_Dataset excerpt_:
####################

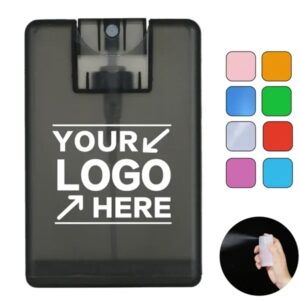 20ml Credit CardStyle Spray (case only)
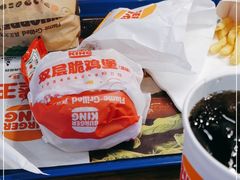 -汉堡王(龙德广场店)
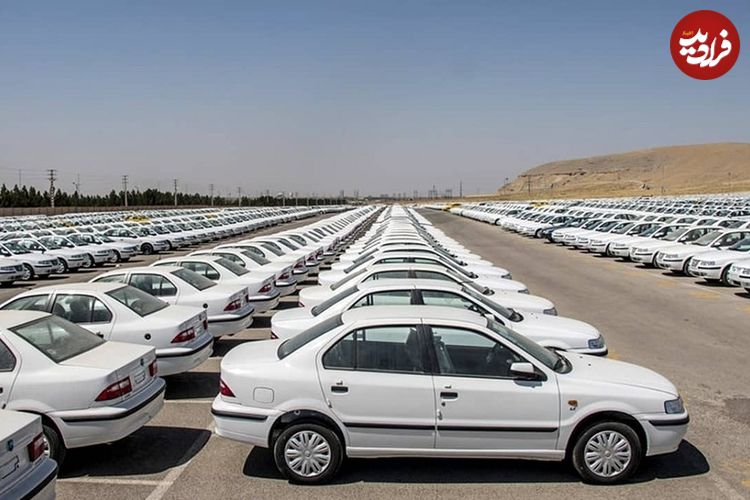 جدول؛ بازار خودرو کپ کرد؛ آخرین قیمت سمند، پژو، شاهین، کوییک و تارا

####################

_Try it_:
Restate the material word for word, minus pictures.

_Solution to the problem_:
 20ml Credit CardStyle Spray (case only)
 -汉堡王(龙德广场店)
 جدول؛ بازار خودرو کپ کرد؛ آخرین قیمت سمند، پژو، شاهین، کوییک و تارا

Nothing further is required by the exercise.